Was sagen Sie zu seiner Recension von meines Vaters Gedichten? Welch ein schöner Gedanke, des Dichters poetisches Leben aus seinen Gedichten zu entwickeln, und welch ein tiefes Studium der Gedichte in dieser Entwickelung! Ein wahres lebendiges Votivgemälde. Fast jedes Wort könnte als Citat ein Lied bekommen. Ungemein schön ist der Übergang von den Herbstliedern zu den religiösen. Ich habe diese Recension recht von Grund aus entstehen sehen. Gewöhnlich des Abends von 8 -10 las ich Goethen die Gedichte vor. Als ich das »Herbstlied« anfangen wollte: »Die Bäume stehn der Frucht entladen«, nahm er mir das Buch aus der Hand und sagte: »Das will ich selber lesen.« Er las es, und gleich darauf »Trost am Grabe«. Die Worte in der Recension, mit denen er diese Lieder bezeichnet, mögen Ihnen die gerührte Stimmung aussprechen, womit er sie las. Einige Stellen habe ich ausgearbeitet, nämlich die über die höheren Stände und den letzten Theil über Sprache, Rhythmik und Mythologie. Versteht sich, daß Goethe nachher revidirte, um den Stil mit dem seinigen gleichförmig zu machen, wo es mir nicht gelungen war. Sonnabend [7. April] hatten wir den »Macbeth«; er ward meisterhaft gegeben, obgleich in seiner ganzen blutigen Gräßlichkeit. Die Hexen waren junge Mädchen, schön von Wuchs und recht artig gekleidet, die Eine sogar zierlich. Es war ein kühner Gedanke von Goethe, das Schreckliche dieser Wesen mehr in die Wirkung, als in die Gestalt zu setzen, und sie that so auch bei weitem größere Wirkung, so wie der Teufel in schöner Gestalt gräßlicher ist (für mich wenigstens), als in der teuflischen. Die Todtenstille unter den Zuschauern war mir manchmal ebenso schrecklich, als das Stück selbst; dann war es, als stünde das ganze Geisterreich geöffnet. Goethe war den Abend außerordentlich fröhlich, (wir saßen noch um halb 12 auf) daß die Vorstellung so geglückt sei; auch Schiller, mit dem ich nach der Vorstellung noch einen Augenblick nach Hause ging.

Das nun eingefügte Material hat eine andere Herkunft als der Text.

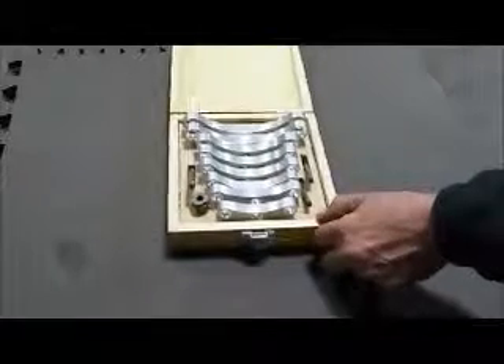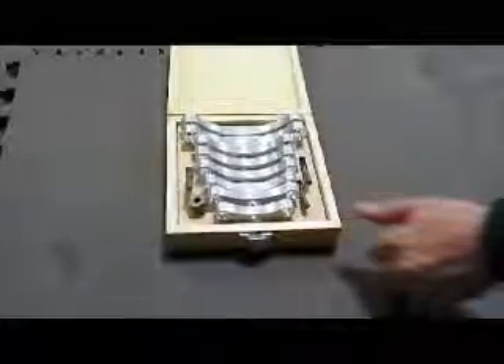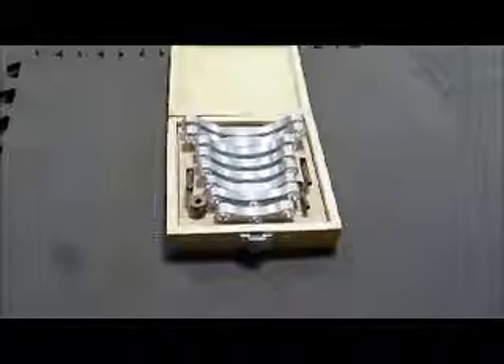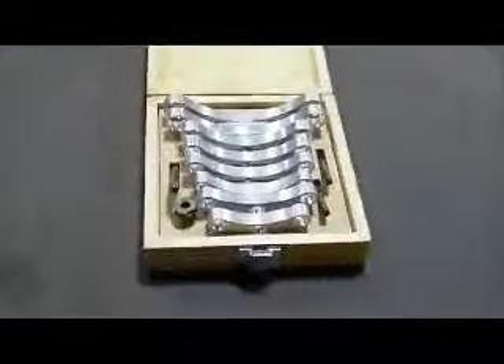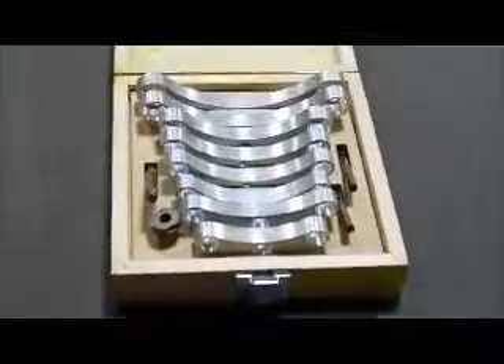Tire Service Equipment Manufacturing Company Incorporated presents the Cheetah 6300 Axle Hub Stud Extractor. This handy unit eliminates axle hub damage caused by improper stud removal.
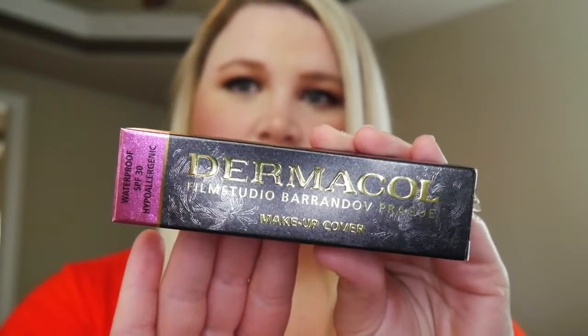Today I'm talking about my new foundation that I ordered off eBay. I've been seeing a lot of people talk about it on YouTube and the internet. It's called Dermacol, it's from Prague — a European foundation. The full name is Dermacol Film Studio Barrandov Prague Makeup Cover. It has SPF 30, it's hypoallergenic and waterproof. It's made for films, so the coverage is high, and it was supposedly sold to Hollywood.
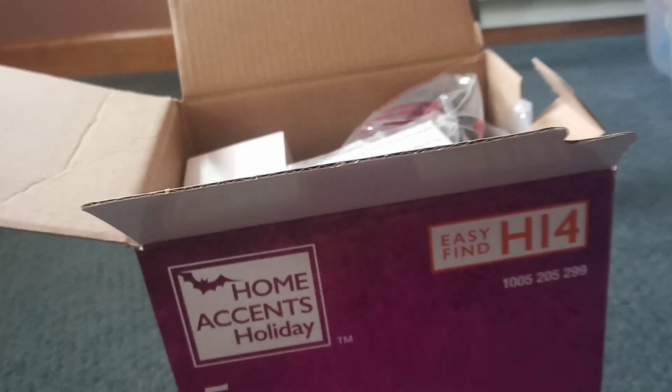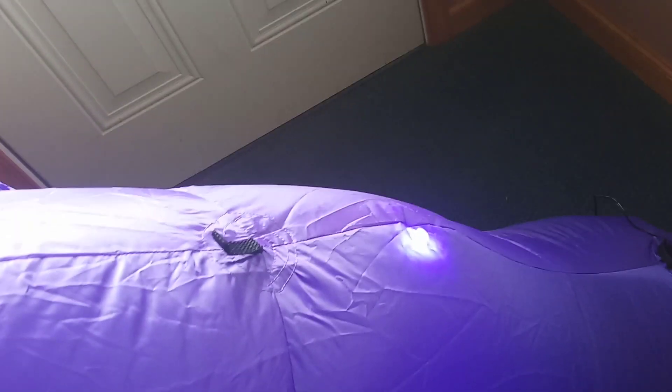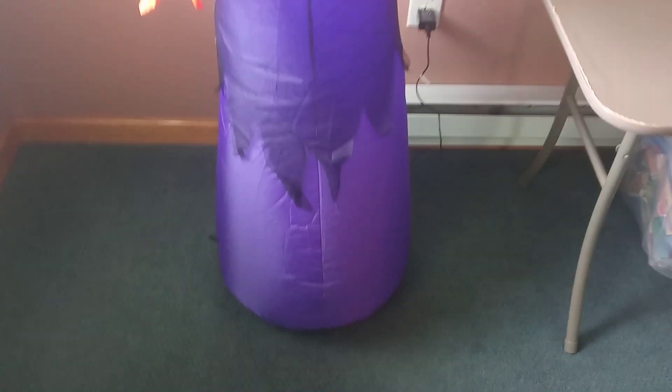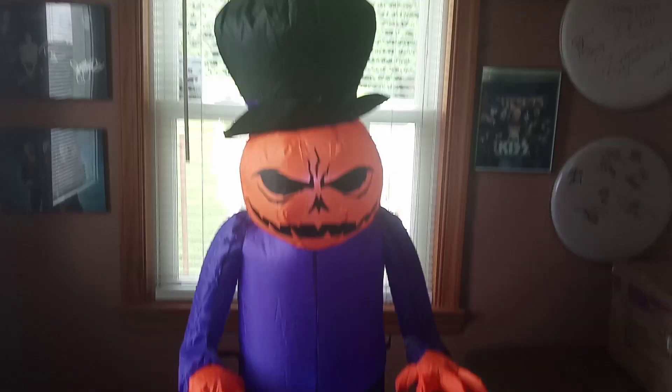Okay guys, here he is. He has two LEDs and a small cheap fan. He's really cool — he actually has it tethered in the back, which is probably for the display model, but I'm not complaining since it doesn't have an extra tether. Yeah, he's really really cool. Definitely recommend him, and thanks for watching.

.... Goethes Zutrauen und seine Liebe zu verlieren, wäre das Schrecklichste, was mir in Weimar begegnen könnte, aber so lange ich bleibe was ich bin und fortfahre zu werden, was ich werden kann, so lange werde ich sein »lieber Sohn« bleiben, wie er mich mehrere Male genannt hat.
b.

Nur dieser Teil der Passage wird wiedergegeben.